Did you know that up to 80% of contaminates in a building come through its entryways? That’s why your facility needs an effective matting system! High quality entrance mats cut down on cleaning-labor costs and reduce wear on floors. They can also lead to a significant reduction in harsh cleaning chemicals.
Here are some practical tips and useful information to help you ensure effective matting systems in your facility:
Matting Basics: Stopping and Holding Contaminates
Properly constructed entrance mats cause the bottoms of shoes to scrape and wipe contaminants away, preventing soils from spreading into the facility. The matting system should then hold the dirt and moisture for cleaning teams to easily remove through vacuuming or extraction.
The best mats protect against slip-and-fall dangers by ensuring that contaminants don’t flow off the mats’ sides. Look for mats that feature a dam that holds contaminates.
High-performance matting systems are often bought rather than rented. Made with high quality materials, they often come with a warranty and can last for many years.
When purchasing a matting system, look for bi-level construction. With an upper surface for walking and a lower area to store soil and water, large quantities of moisture and dirt can be trapped. Remember, low-quality mats can crush over time, which enables contaminates to start clinging to the bottoms of shoes.
To minimize the mat’s movement on the floor as it’s being walked on, the bottom should be slip resistant. Rubber-backed mats are more slip resistant than vinyl-backed mats. Also, rubber-backed mats reduce tripping dangers because they don’t curl as much as vinyl.
Remember the Rule of 15s
Use five feet each of three kinds of matting to trap contaminates.

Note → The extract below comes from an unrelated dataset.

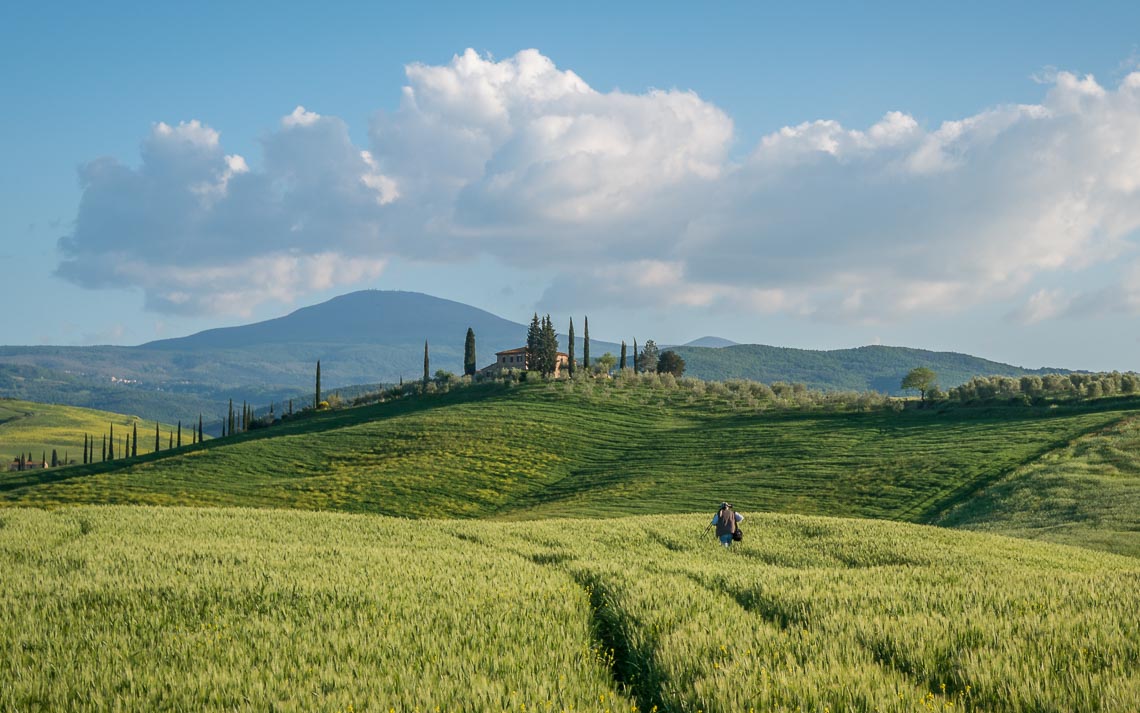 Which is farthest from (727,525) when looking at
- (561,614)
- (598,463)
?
(598,463)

1. Place scraper mats outside entryways to capture large contaminates
2. Place wiper/scraper mats inside your building to contain small contaminants
3. Place wiper mats after the wiper/scraper mats to trap remaining contaminates
Important Mat Maintenance Tips
Deep clean your facility’s mats every spring via carpet extraction to remove dirt, moisture and debris.
Because wintertime brings accumulations of dirt and moisture underneath mats, clean the floor underneath your facility’s mats every spring.
Check for Damage in Door Entries
Remove your mats and inspect for structural damage in door entries that frequently takes place in the winter. Salt, snow and moisture can negatively affect door frames.